J16B.6 A Linear Inverse Model for Improved Model Guidance of CPC’s Week 3-4 Operational Temperature Outlooks

Thursday, 1 February 2024: 5:45 PM
350 (The Baltimore Convention Center)
Matt Newman, NOAA/Physical Sciences Laboratory, Boulder, CO; NOAA, Boulder, CO; and J. R. Albers, Y. M. Cheng, and M. Gehne

We present a machine learning approach called a linear inverse model (LIM) that generates year-round real-time forecasts to support NOAA Climate Prediction Center Weeks 3-4 US temperature outlooks. The LIM is an observationally based, stochastically-forced empirical-dynamical model, whose state-dependent predictability is explainable through eigenanalysis of its operator.
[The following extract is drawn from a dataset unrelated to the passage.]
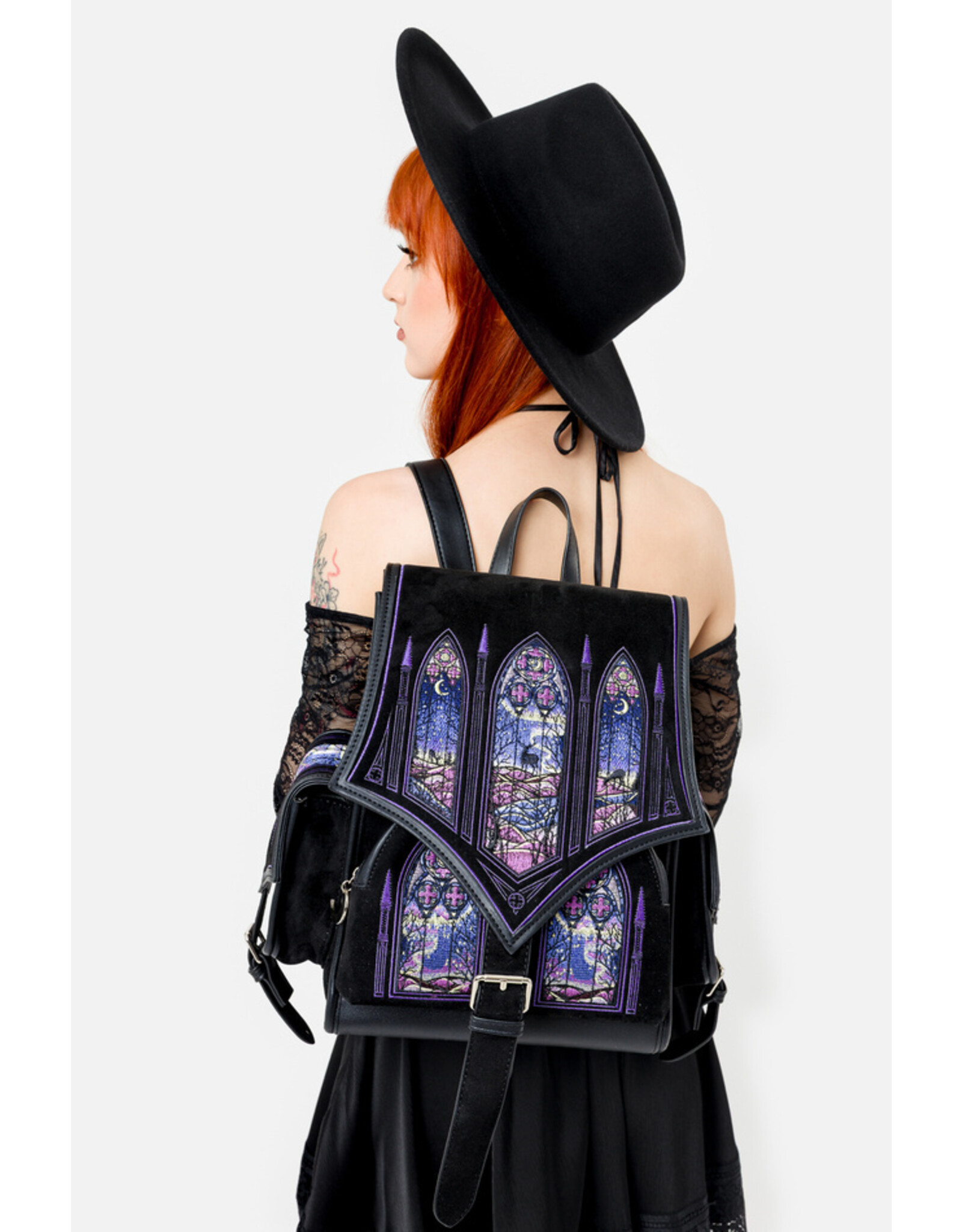 Restyle Gothic Tassen Steampunk Tassen - Noorderlicht Gothic Rugzak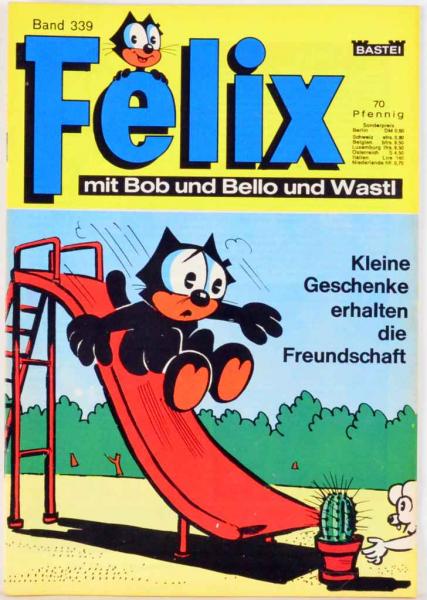 Felix Heft Nr. 339 - Z: 1-,  Bastei Verlag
We use JRA-55 reanalysis for the period 1958-2016 to construct LIMs based on bimonthly periods, which are subsequently blended across adjacent months to yield seamless deterministic and probabilistic predictions year-round. Explicitly predicted variables include tropical heating and sea-surface temperature, tropospheric and stratospheric geopotential heights, mean sea level pressure, tropospheric streamfunction, and North American root zone soil moisture and 2m temperature. These LIMs are updated relative to an earlier version run at CPC, most notably by the adding two new variables (sea-surface temperature and soil moisture), extending the training period back to 1958, and by defining the anomalies relative to a “fair-sliding mean”, which acts to remove the trend component and reduce apparent long-term changes in covariability.

Ten-fold cross-validated LIM skill is evaluated for the entire training period. Additionally, we compare skill of the LIM retrospective forecasts (starting in 2017, after the LIM training period), using both deterministic and probabilistic measures, to that of real-time ECMWF IFS forecasts for the same period (2017-present). On average, the skill of the LIM is comparable to that of the IFS; over the United States and Alaska (the regions of interest for the official outlook), for the years 2017-2021, two category 2m temperature Heidke skill score of the LIM is 0.28, whereas the IFS skill is 0.27. However, skill has notable seasonality, with IFS skill slightly better skill during spring and LIM skill better during summer to early fall, and regionality, with IFS skill higher in the Northeast and LIM skill higher in the Southwest. Additionally, the LIM’s inclusion of soil moisture enhances its warm season skill; while the variance of soil moisture is regional, its effect in the LIM is to increase temperature skill across the entire CONUS.

Lessons learned from transitioning the LIM to an operational environment will be discussed, including: (1) How to leverage, for forecasters’ use, the LIM’s ability to identify forecasts of opportunity by predicting its own skill, particularly important when exploiting the relatively small amount of Weeks 3-4 skill; and (2) Decomposing the forecast into LIM eigenmodes representing key dynamical processes, including ENSO and stratospheric sudden warmings, to support forecasters’ physical understanding of their operational predictions.